Retired programmers lured back by Y2K work

When Thomas Copfler retired from his job as a computer specialist with the National Finance Center (NFC) in New Orleans six months ago, he planned to build a house on 10 acres of land that he had bought in Amite City, La., and to grow blueberries and day lilies.

When Thomas Copfler retired from his job as a computer specialist with the National Finance Center (NFC) in New Orleans six months ago, he planned to build a house on 10 acres of land that he had bought in Amite City, La., and to grow blueberries and day lilies.

The old timber land is littered with debris from felled trees that need to be hauled away, and Copfler, 57, wants to put in a pond. "I guess at my age I can't do as much physically as I thought I could," he said. "It became clear I would have to either cut back on what I was going to do or put out some money to get it cleared.''

Although Copfler's wife, Sandy, a nurse, is still working full time, the extra money the project required was not part of their financial plan. So Copfler decided to go back to work. Last month, Copfler became one of the first federal retirees rehired by their former employers to help ensure agency computer systems will read 21st century dates correctly.

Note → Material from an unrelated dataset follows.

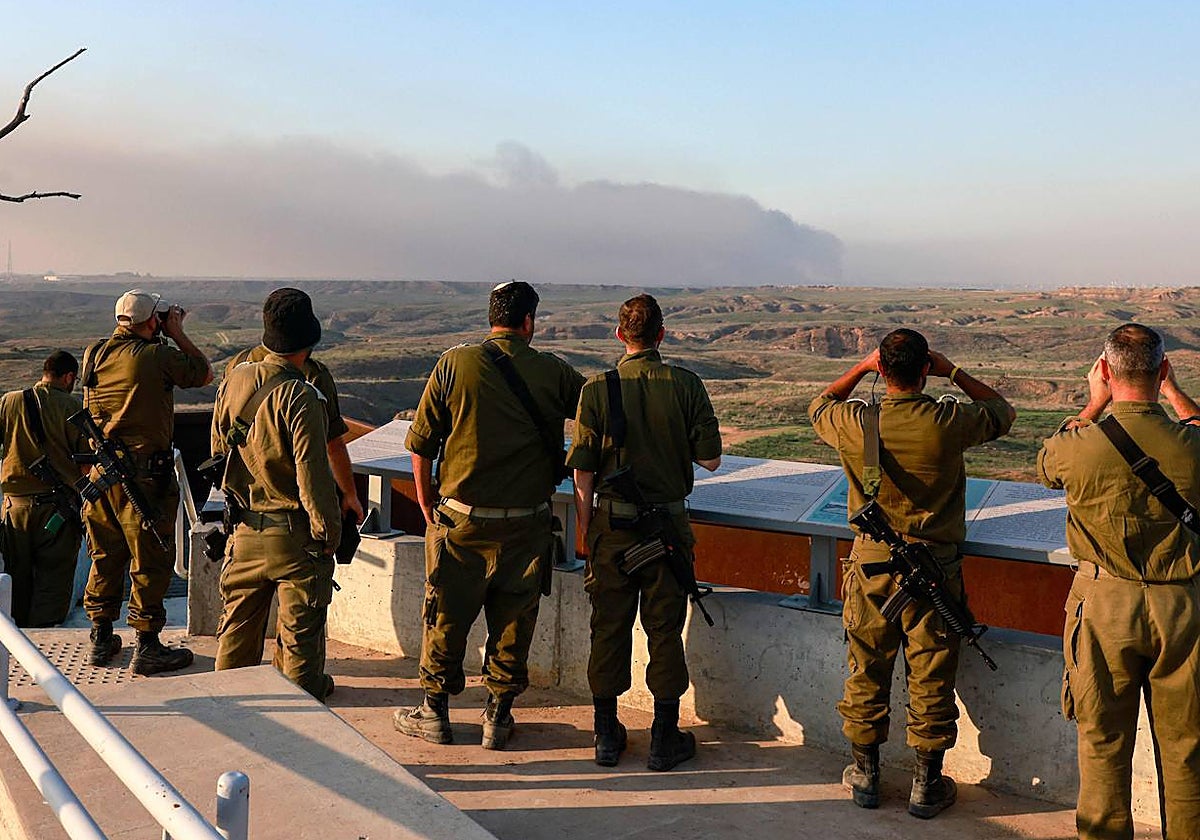 Soldados israelíes observan el humo que cubre la franja de Gaza durante las operaciones del Ejército en ese territorio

The agency wooed Copfler back under a 2-month-old Office of Personnel Management policy that allows retirees to return for Year 2000-related work at their old salaries without having their pensions reduced. In an interview a few days before starting his new job, Copfler said his $71,000 salary, along with his full pension, is a better deal than he was offered by Lockheed Martin Corp. to do similar work as a contractor. "They made me an offer about $10 an hour less than I had been making,'' he said.

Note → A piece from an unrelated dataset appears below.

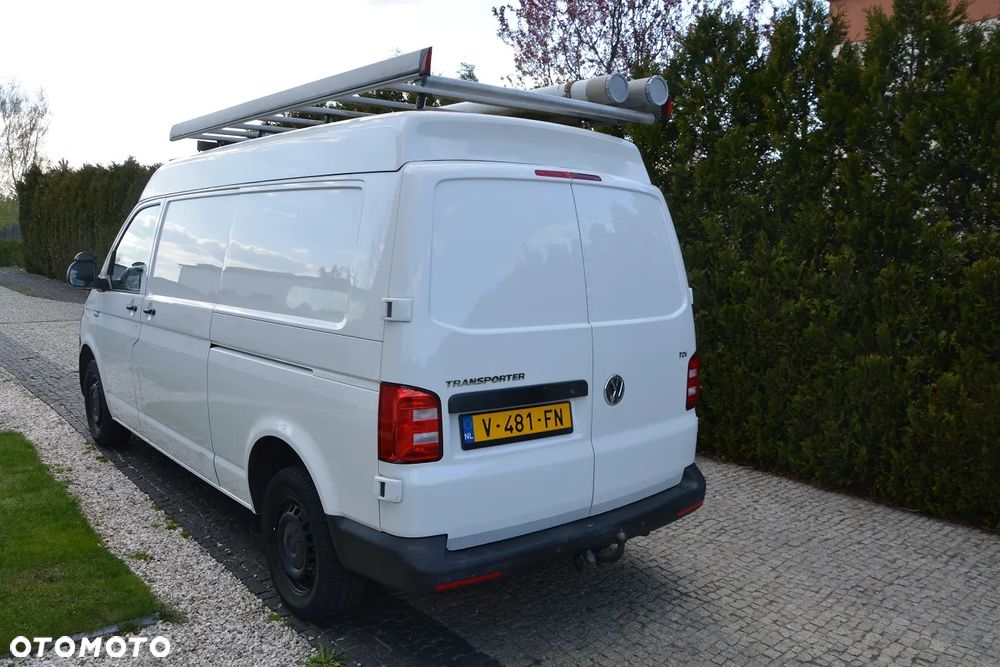 Volkswagen Transporter T6 - 11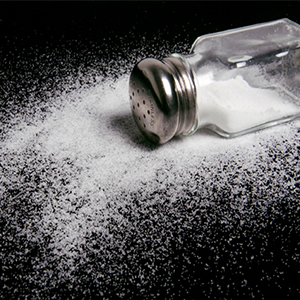 در ۶ زمان مصرف نمک را می توانید کمی افزایش دهید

For the NFC, which processes paychecks for 450,000 government employees and keeps track of $60 billion worth of employee retirement savings through the federal Thrift Savings Plan, Copfler was a good catch.

"I worked with the fellow for 26 years,'' said Edgar McManus, who is running the Year 2000 repair effort for the agency. "He's built many of our applications, he has a proven track record, and he's an excellent programmer.''

With 570 days left until computer date clocks click to "00,'' retired programmers and information systems managers are weapons that agencies are trying to deploy against the millennium time bomb. As of last month, at least eight agencies, including the departments of Agriculture, Education, Labor, Health and Human Services, Interior and State, the General Services Administration and the Internal Revenue Service, were seeking federal retirees to fill at least 365 positions, according to OPM and agency data.

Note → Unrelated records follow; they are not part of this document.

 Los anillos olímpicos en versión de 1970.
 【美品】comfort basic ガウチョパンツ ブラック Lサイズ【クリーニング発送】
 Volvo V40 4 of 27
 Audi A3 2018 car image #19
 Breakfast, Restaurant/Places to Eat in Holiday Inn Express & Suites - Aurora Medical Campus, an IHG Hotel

John Yost, project director for century date change with the IRS, said his agency has invited 200 recent retirees to apply for a few dozen temporary positions. "If we bring back former IRS employees, they know our management structure, the programming life cycle we follow, the techniques we use," he said. "We're bringing people on board that don't need to be trained and brought up to speed."

Being able to offer retirees their full salaries "apparently is a major incentive" to attract people back to work, Yost said. But to some retired federal workers, who mainly have gone to work for contractors, money is not the only— and not necessarily the primary— reason they are back on the clock.

William Payson runs The Senior Staff, an online job bank for retirees based in San Jose, Calif., that has 10,000 resumes from people with Cobol programming and related skills. They have trouble finding jobs, he said, because they want to work part time and telecommute, and most employers want them to work full time, on site. "Only one-third of the people in our databank are looking for jobs because they want the money,'' Payson said. "They're either bored or they want to be useful, or they think it's patriotic to work on Y2K, or their spouse wants them out of the house."

"If I were 55, I'd probably go back to working full time," said Bill Hammack, 68, who until recently was a part-time contractor at the Department of Veterans Affairs' Austin Automation Center. "I'm not inclined right now to make as much money."

Hammack had spent 19 years as a programmer and manager at the facility, working on payroll and medical records systems, when he retired in 1985. He did not think about going back to work for seven years, until a former supervisor suggested he apply to work for Computer Data Systems Inc., which the agency had hired to update some software written in Assembler, a programming language that pre-dates Cobol.

Federal retirees offer agencies more than their technical expertise. Their familiarity with how government operates helps them build rapport with current agency staff, who view post-careerists as being among their own. Contractors, particularly, report that having retirees on their teams creates closer cooperation between them and their customers and helps get the job done faster.

Tom Avey, who became deputy director of OAO Corp.'s Millennium Solutions Center in February after completing 20 years with the Marine Corps, said that when agency customers learn that a contractor has federal experience, they "take it for granted" that the contractor understands their problem. On the job, Avey said, "I don't know if I really noticed much of a change" from his former position overseeing Year 2000 upgrades for the Marines, "other than I wasn't wearing a uniform every day, I was wearing a suit. I felt I was still providing support to the government," the former Marine major said. "I've always been service-oriented."